2017 AICAD Alumni Genius Grant Recipients

Three AICAD Alumni have been recipients of the 2017 MacArthur Fellowship award, better known as the MacArthur ‘Genius’ Grant!

Photo of Trevor Paglen

Trevor Paglen / Photo: MacArthur Foundation

Photo of Dawoud Bey

Dawoud Bey / Photo: MacArthur Foundation

Photo of Njideka Akunyili Crosby

Njideka Akunyili Crosby / Photo: MacArthur Foundation

The MacArthur Fellowships, awarded annually for exceptional “originality, insight, and potential”, come with a no-strings-attached award of $625,000, which is distributed to recipients over five years. Recipients may be writers, scientists, artists, social scientists, humanists, teachers, entrepreneurs, or those in other fields across the United States.
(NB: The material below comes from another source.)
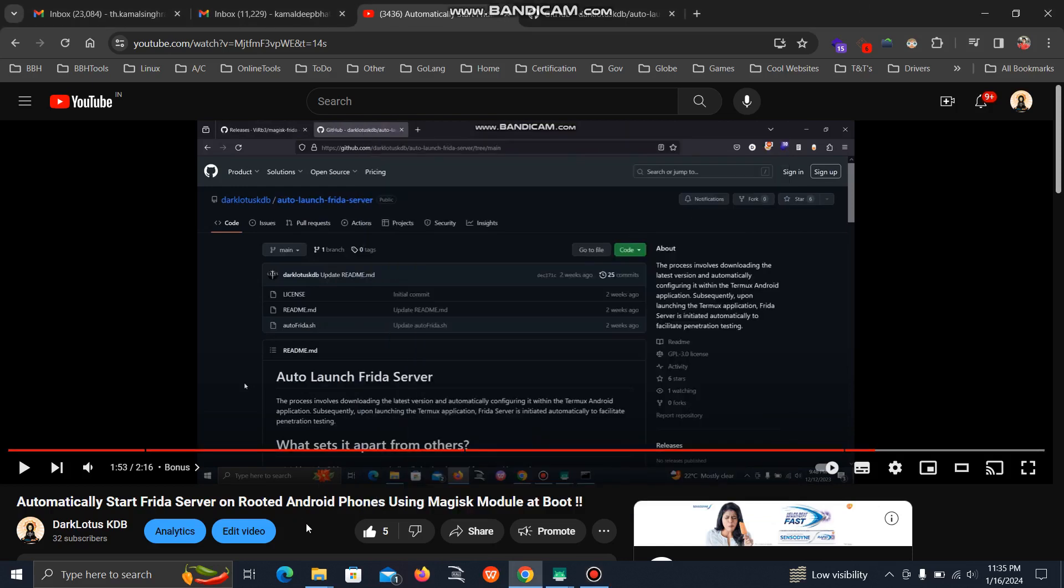In my previous video, I showed you how to set up your Frida server through Magix application. But with that method, every time you need to download the latest version, and if you want to downgrade, you have to download it manually and set up every time.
Njideka Akunyili Crosby (PAFA, 2006) is a figurative painter whose large-scale works express the hybridity characteristic of transnational experience through choices of subject matter, materials, and techniques. Akunyili Crosby layers paint, fabric, and photographic source imagery that she transfers or collages onto her surfaces. She constructs scenes that often include figures, sometime family members, situated in domestic settings. The artist explores the complexities of forging identity in a globalized society, developing strategies for understanding culture and history from multiple viewpoints at once.

Dawoud Bey (SVA 1977-78) is a photographer and educator whose portraits of people, many from marginalized communities, compel viewers to consider the reality of the subjects’ own social presence and histories. Through his expansive approach to photography—which includes deep engagement with his subjects and museum-based projects—Bey is making institutional spaces more accessible to the communities in which they are situated.

Trevor Paglen (SAIC, 2002) is a conceptual artist and geographer making the invisible operations of military and corporate power visible to everyday citizens. He draws on his training as a geographer and utilizes the tools of image-making to explore infrastructures of warfare, surveillance, and social control that are usually hidden from the general public. He produces images, sculptural works, and writings to examine the ways that human rights are threatened in an era of mass surveillance and data collection.

The MacArthur Genius Grant serves as an investment in a recipient’s originality, insight, and potential. The purpose of the MacArthur Fellows Program is to enable recipients to exercise their own creative instincts for the benefit of human society. Congrats to Njideka, Dawoud and Trevor!